Deshalb kann auch Schmidts wichtigstes Argument gegen Verbote nicht überzeugen. Es lautet: Mit der freiwilligen Strategie kommen wir schneller ans Ziel. Dabei könnte der Agrarminister das Tierschutzrecht jederzeit so präzisieren, dass das massenhafte Kupieren klar untersagt ist. Aber Schmidt wartet weiter – wahrscheinlich, weil er es nicht wagt, gegen die Interessen der Agrarindustrielobby vorzugehen.

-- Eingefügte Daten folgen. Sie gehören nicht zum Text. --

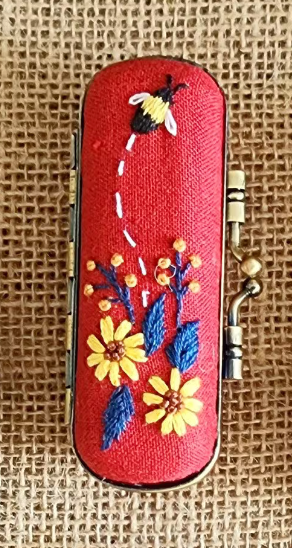 Vintage Embroidered Lipstick Case With Mirror, Collection Kaylee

Schmidt sagt, er sei erst seit sieben Monaten im Amt. Aber seine Partei führt das Agrarministerium bereits seit 2005. Die CSU hatte also schon neun Jahre, die Zustände in den Ställen bedeutend zu verbessern. Jetzt liefert sie immerhin mal warme Worte – aber noch lange keine Taten.